Tanti amici si sono rassegnati a sottomettersi, confondendo l’ubbidienza con l’appiattimento; altri hanno dialogato con chi era giudicato “vicino alla chiesa” per le sue posizioni e avete finito di realizzare una politica non al servizio dell’uomo, ma dei potenti di turno che si sono serviti di voi per raccattare voti e fare i propri interessi. Per un ventennio abbiamo assistito alle imprese di un movimento laicale che, con la nostra complicità e dei vescovi, si è alleato con un individuo pronto a difendere i valori cosiddetti cattolici pur di riempire le piazze, cercare il successo e conservare il potere.

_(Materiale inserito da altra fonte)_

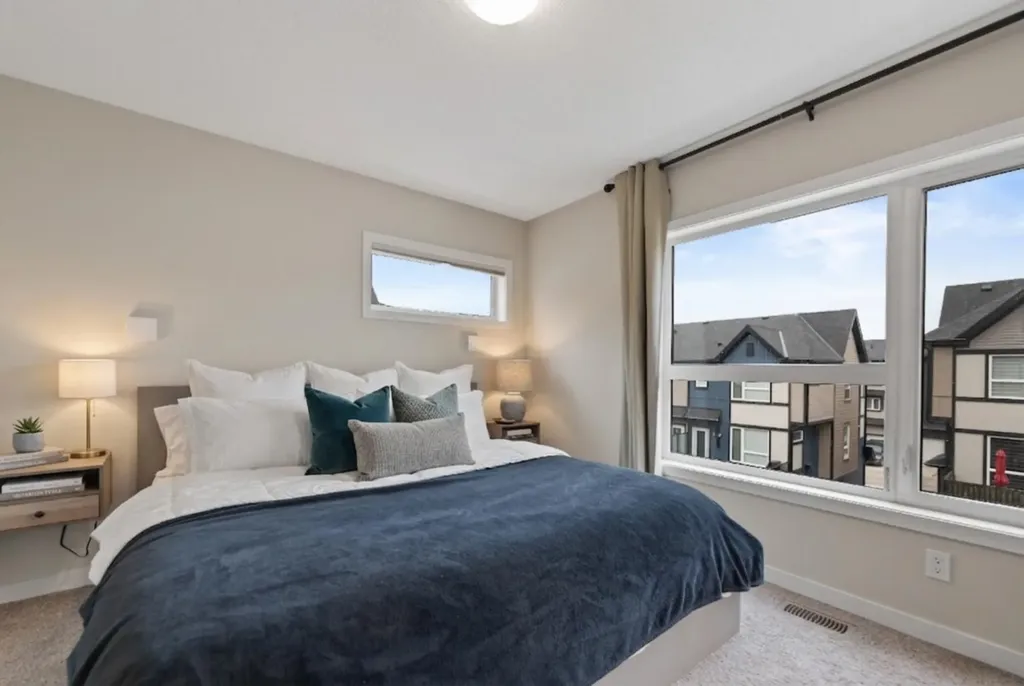 850 Belmont Drive SW Calgary AB T2X 4A5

Altri amici hanno tentato di “sacralizzare” tutto, anziché vivificare – come il lievito della pasta – ciò che di buono e di umano c’è in ogni realtà. Si sono alleati con gli “atei devoti” per deplorare la frammentazione dei valori, il nichilismo, la cultura di morte contribuendo non al confronto, ma allo scontro e acuendo lacerazioni interne alla comunità cristiana.

Volevate un’opinione pubblica della chiesa e vi siete limitati ad organizzare convegni e settimane sociali dove avete ascoltato cardinali, vescovi, professori universitari, ma dove è mancato il confronto, il dibattito, la riflessione, il discernimento dei problemi per verificarli alla luce del Vangelo. Papa Francesco vi supera nel parlare chiaro, con franchezza!

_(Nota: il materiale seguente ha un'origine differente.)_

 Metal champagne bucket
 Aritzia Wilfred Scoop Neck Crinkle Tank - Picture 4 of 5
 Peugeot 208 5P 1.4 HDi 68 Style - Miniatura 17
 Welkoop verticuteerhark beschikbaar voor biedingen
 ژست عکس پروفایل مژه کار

Nei consigli pastorali, convocati e presieduti dal parroco, studiate strategie, programmate piani pastorali come se la parrocchia fosse un comune da governare e non una “diaconia” da servire per costruire con tutti un mondo più abitabile.

Solo una minoranza di voi si è confrontata con chi non crede e ha creato, con faticosa e fedele perseveranza, di tradurre il Vangelo in mezzo ai feriti nel cuore.

Papa Francesco, smantellando l’ultima monarchia assoluta e la chiesa di ogni trionfalismo e forma di potere, dimostra con i gesti che lui non è sopra la chiesa, ma dentro la chiesa che serve nella collegialità e nella carità. Ci sono anche nella nostra chiesa tanti preti che hanno “l’odore delle pecore e il sorriso del papà”: sono costoro che seminano speranza anche a chi non ha fede.

Vorrei dirti tante altre cose, ma l’autobus ti aspetta… vivi la tua quarta età nel silenzio, accanto a tua moglie, ai tuoi figli e nipoti, ma non perdere la grinta: sii vigilante, fuggi i discorsi contorti, il tuo parlare sia diritto e franco, anche se può apparire sgradevole. Io pregherò per te perché stanchezza e rassegnazione non ti attanaglino. Tu stammi vicino: anche noi preti abbiamo bisogno del conforto dell’amicizia”.

I pensieri di questo prete sbocciano nel mio cuore come i fiori del pesco che mi attorniano e lo rendono fresco: è la primavera che echeggia in me e, nel ricordo del passato, il presente si fa più vicino.